WHAT YOU NEED TO DO: Leave out the pictures and restate exactly, and only, the lines from the one that contains "Long Thomas and" through the final line of the material below.

INPUT DATA:
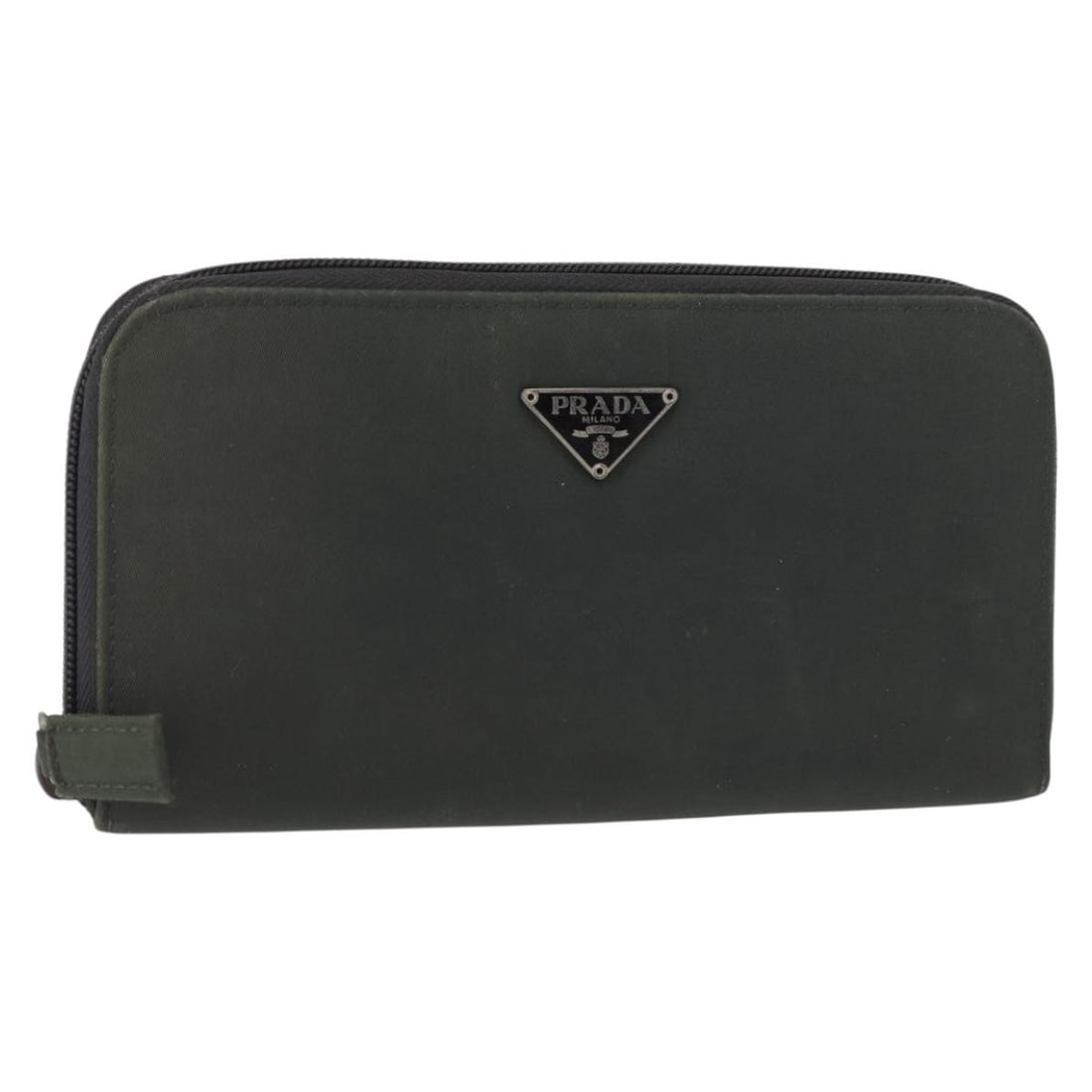 Prada khaki nylon long wallet made in Italy: Prada khaki nylon long wallet made in Italy This PRADA long wallet is crafted from khaki nylon and designed for women. Made in Italy, the wallet features a spacious layout suitable for organizing esse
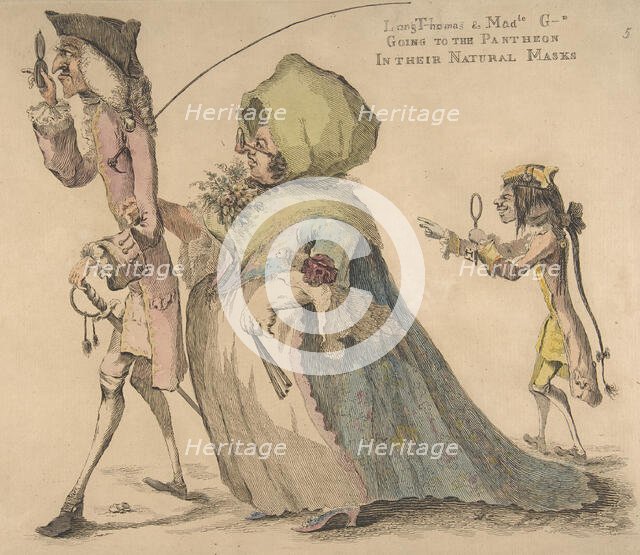 Long Thomas and Mad-le G-d Going to the Pantheon in Their Natural Masks, May 1, 1773. Creator: William Austin.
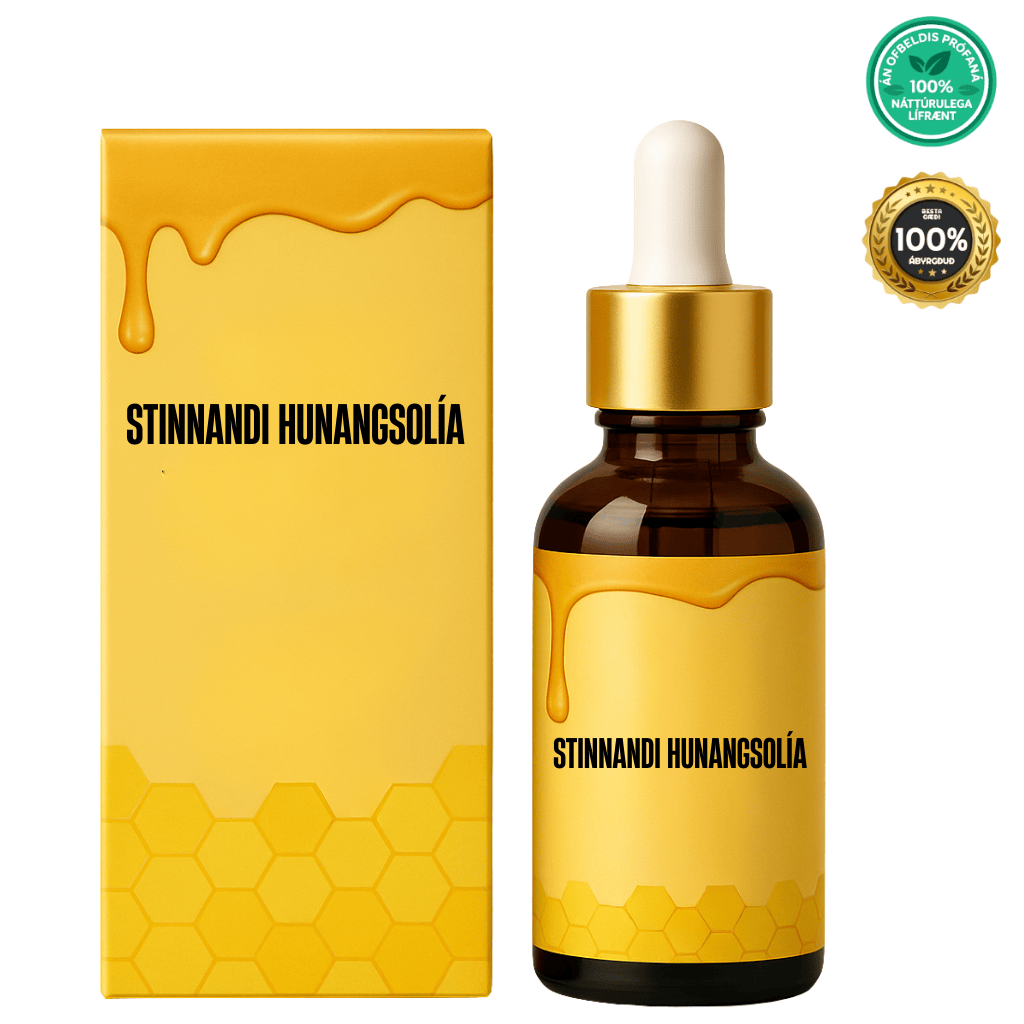 Stinnandi Hunangsolía bottle and packaging with honeycomb design for nourishing skin.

OUTPUT FOR THIS EXERCISE:
 Long Thomas and Mad-le G-d Going to the Pantheon in Their Natural Masks, May 1, 1773. Creator: William Austin.
 Stinnandi Hunangsolía bottle and packaging with honeycomb design for nourishing skin.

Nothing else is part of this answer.